NEW YORK (Reuters) - A limited partner in a failed hedge fund run by Bear Stearns says the investment bank took only meager steps to prevent the fund’s recent collapse.
New York-based investment firm Navigator Capital Partners LP made the accusation this week in a lawsuit filed in New York state Supreme Court in Manhattan. The complaint names Bear Stearns Cos. Inc. BSC.N, its asset management division and the High-Grade Structured Credit Strategies hedge fund.
Bear Stearns said it plans a vigorous defense and called the lawsuit’s allegations unjustified and without merit.

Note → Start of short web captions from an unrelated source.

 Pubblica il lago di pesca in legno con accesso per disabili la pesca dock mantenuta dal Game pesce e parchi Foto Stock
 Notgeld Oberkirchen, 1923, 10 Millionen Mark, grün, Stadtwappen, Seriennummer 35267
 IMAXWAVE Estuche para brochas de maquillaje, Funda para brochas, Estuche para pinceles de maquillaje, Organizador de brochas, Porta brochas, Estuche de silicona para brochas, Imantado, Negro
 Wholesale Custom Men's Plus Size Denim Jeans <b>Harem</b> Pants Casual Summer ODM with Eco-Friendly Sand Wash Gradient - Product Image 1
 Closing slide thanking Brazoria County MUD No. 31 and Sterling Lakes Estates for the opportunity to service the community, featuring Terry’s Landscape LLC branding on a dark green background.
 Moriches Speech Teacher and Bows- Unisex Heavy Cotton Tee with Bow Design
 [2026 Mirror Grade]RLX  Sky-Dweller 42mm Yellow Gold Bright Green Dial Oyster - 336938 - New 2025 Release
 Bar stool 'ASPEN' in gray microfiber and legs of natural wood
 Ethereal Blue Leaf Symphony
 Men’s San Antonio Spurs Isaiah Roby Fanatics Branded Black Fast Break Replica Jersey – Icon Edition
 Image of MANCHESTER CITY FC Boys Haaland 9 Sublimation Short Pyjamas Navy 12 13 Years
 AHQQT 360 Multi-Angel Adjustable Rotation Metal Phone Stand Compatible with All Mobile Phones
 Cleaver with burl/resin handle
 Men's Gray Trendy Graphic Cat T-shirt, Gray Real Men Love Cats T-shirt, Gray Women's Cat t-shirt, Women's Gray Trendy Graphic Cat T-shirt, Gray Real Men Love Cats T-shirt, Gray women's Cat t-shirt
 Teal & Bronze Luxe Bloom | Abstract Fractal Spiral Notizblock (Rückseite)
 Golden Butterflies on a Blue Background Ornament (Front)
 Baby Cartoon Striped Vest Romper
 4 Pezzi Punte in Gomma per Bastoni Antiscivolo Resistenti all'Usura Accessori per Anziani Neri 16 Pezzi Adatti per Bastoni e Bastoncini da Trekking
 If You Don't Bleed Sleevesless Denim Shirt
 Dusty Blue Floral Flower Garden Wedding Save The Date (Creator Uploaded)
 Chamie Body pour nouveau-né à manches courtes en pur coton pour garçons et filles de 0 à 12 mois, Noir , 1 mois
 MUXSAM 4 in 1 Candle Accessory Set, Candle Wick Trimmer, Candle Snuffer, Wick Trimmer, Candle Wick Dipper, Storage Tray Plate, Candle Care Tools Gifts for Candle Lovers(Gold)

“The plaintiff is an experienced investment firm and, as described in the fund’s materials, this was a high risk, speculative investment vehicle,” Bear Stearns said in a statement.
Navigator Capital, run by Steven Resnick, invested more than $700,000 in the hedge fund between August 2004 and mid-April 2005. The firm and other investors lost nearly the entire value of their investments, dropping millions of dollars, the lawsuit said.
“Defendants failed to disclose to investors the significant challenges facing the partnership, and the meager steps they were taking to face those challenges, while at the same time reaping substantial fees,” the lawsuit said.
Bear Stearns Asset Management, the hedge fund’s general partner, made more than $13.3 million in 2006 from advisory fees and profit-sharing before the hedge fund’s demise, according to the lawsuit.
Bear said in mid-July that two of its structured finance funds, the Bear Stearns High-Grade Structured Credit Strategies Fund and the High-Grade Structured Credit Strategies Enhanced Leverage Fund, had very little value.
The two funds made bad investments in bonds linked to subprime mortgages, an area where defaults have surged, and faced margin calls from banks and redemption requests from investors. Before their difficulty, the funds combined controlled assets of more than $20 billion.
Last month, the hedge funds filed petitions in U.S. Bankruptcy Court in Manhattan as they attempt to be liquidated in the Grand Court of the Cayman Islands, where they are registered. Early Thursday, U.S. Bankruptcy Judge Burton Lifland issued a preliminary injunction blocking legal action against the hedge funds.
While Bear Stearns cut its own exposure to risky subprime loans in early 2007, the hedge fund run by senior portfolio manager Ralph Cioffi continued to invest in securities backed by the mortgages despite rapidly deteriorating market conditions, Navigator Capital said in its complaint.
The fund started to struggle in February when its assets were marked down 14.4 percent. But due to hedging moves, the loss was only 0.8 percent, the lawsuit said. The fund reported additional losses in the following months.
From January 1 to April 1, limited partners contributed $14.25 million to the fund and withdrew $9.2 million. The fund held $925 million in investor capital and gross long positions of $9.7 billion through the end of March, according to the lawsuit.